→ THE RECORDS:
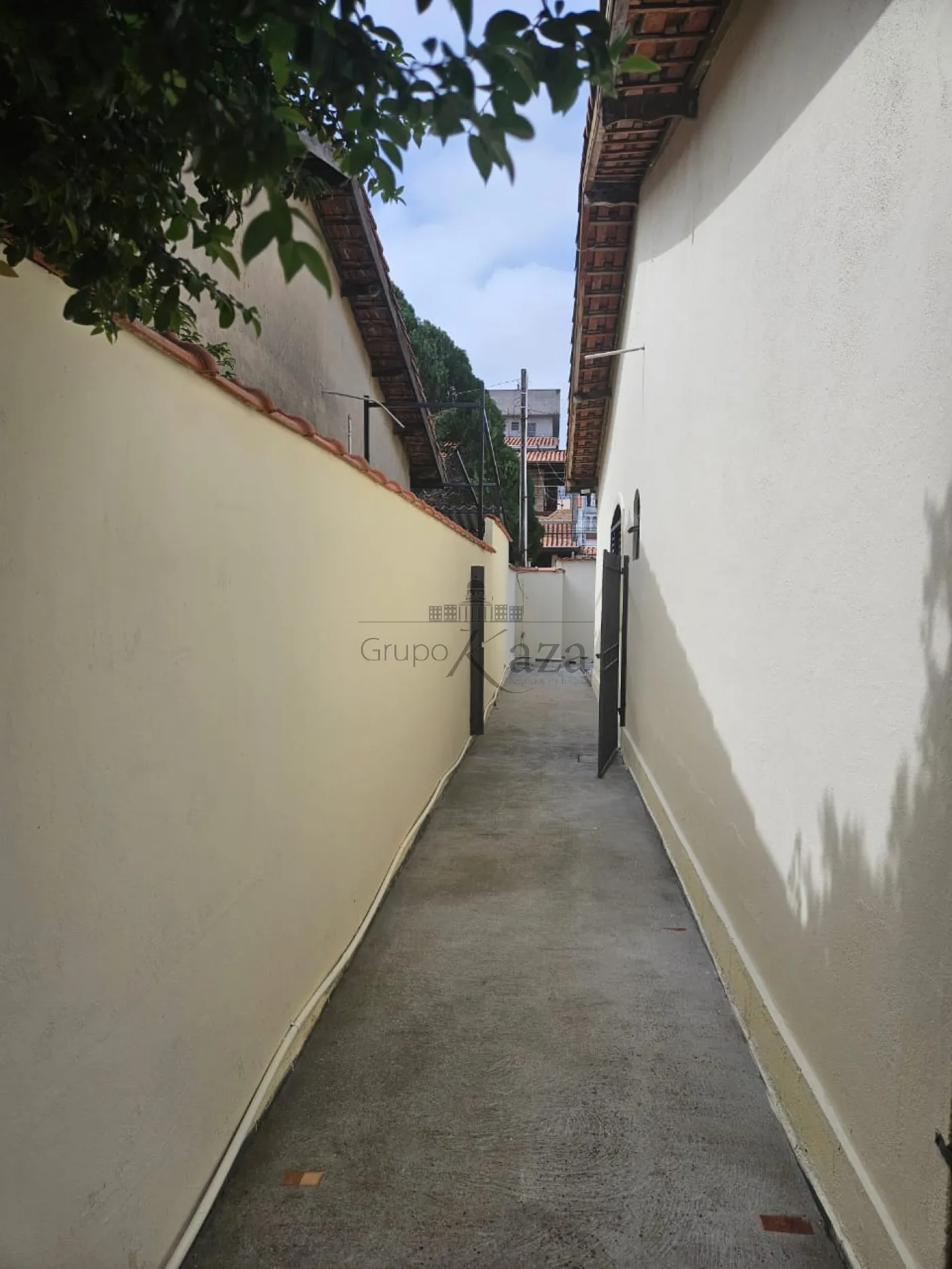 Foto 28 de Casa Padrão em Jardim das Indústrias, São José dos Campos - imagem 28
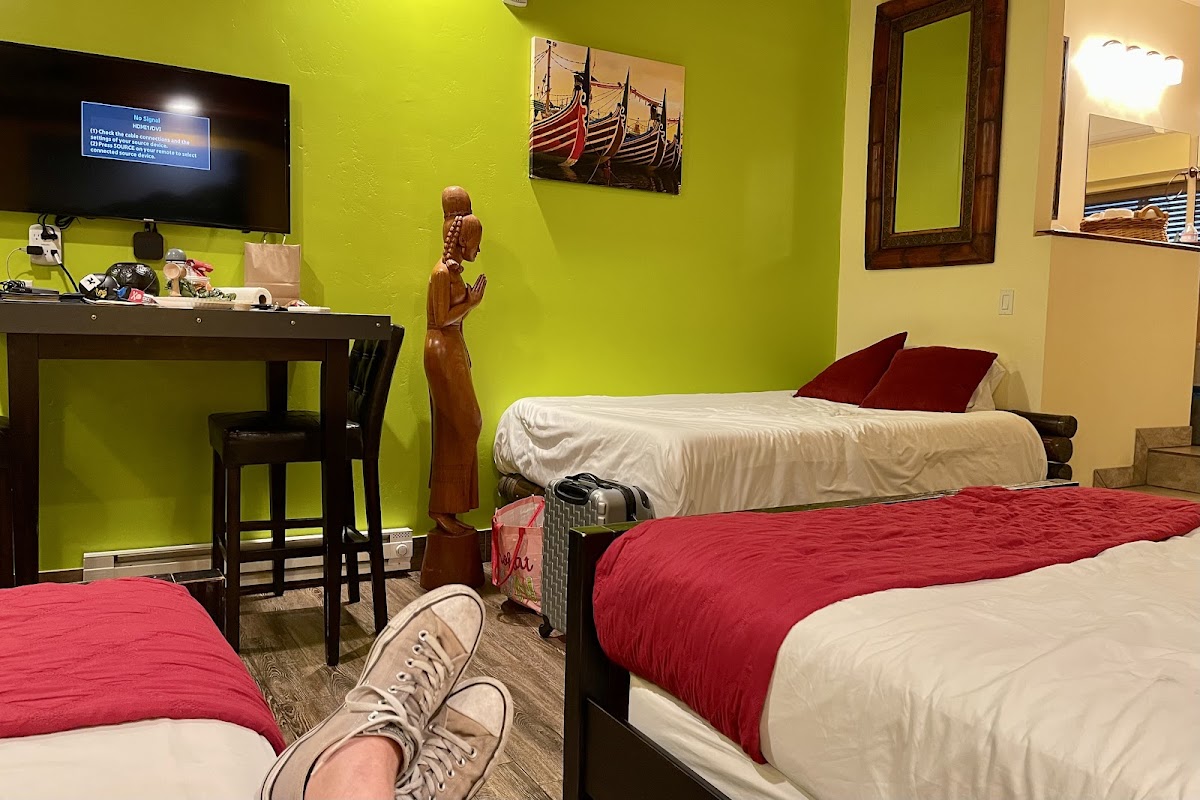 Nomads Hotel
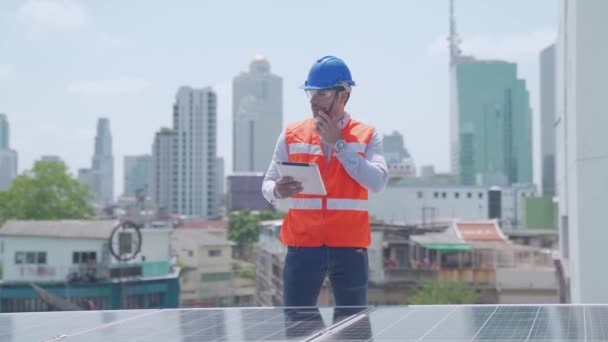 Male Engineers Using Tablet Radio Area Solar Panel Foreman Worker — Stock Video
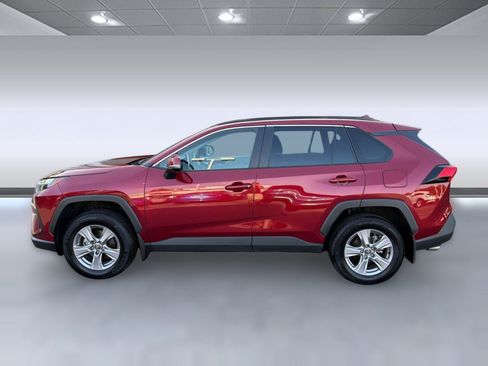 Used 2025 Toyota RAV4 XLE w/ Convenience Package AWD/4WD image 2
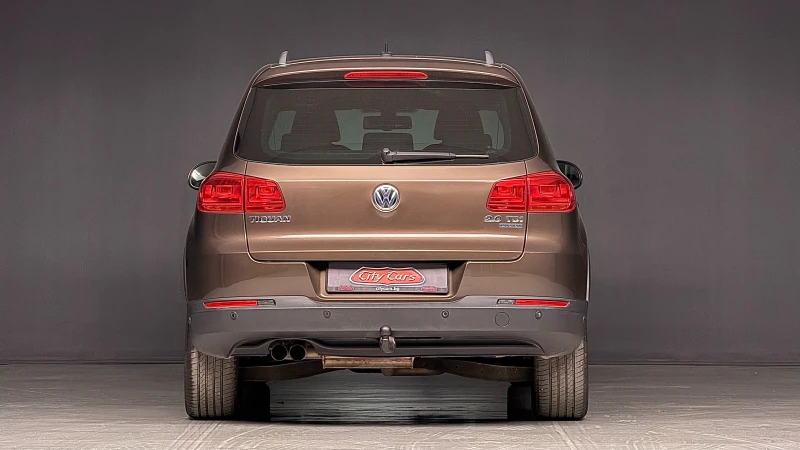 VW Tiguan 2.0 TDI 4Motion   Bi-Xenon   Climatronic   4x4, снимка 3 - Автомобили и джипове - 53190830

→ WORK REQUEST: Working from the line containing "Used 2025 Toyota" to the last line of the data, retype every line exactly, both ends included, and leave out all pictures.

→ ANSWER BOX:
 Used 2025 Toyota RAV4 XLE w/ Convenience Package AWD/4WD image 2
 VW Tiguan 2.0 TDI 4Motion   Bi-Xenon   Climatronic   4x4, снимка 3 - Автомобили и джипове - 53190830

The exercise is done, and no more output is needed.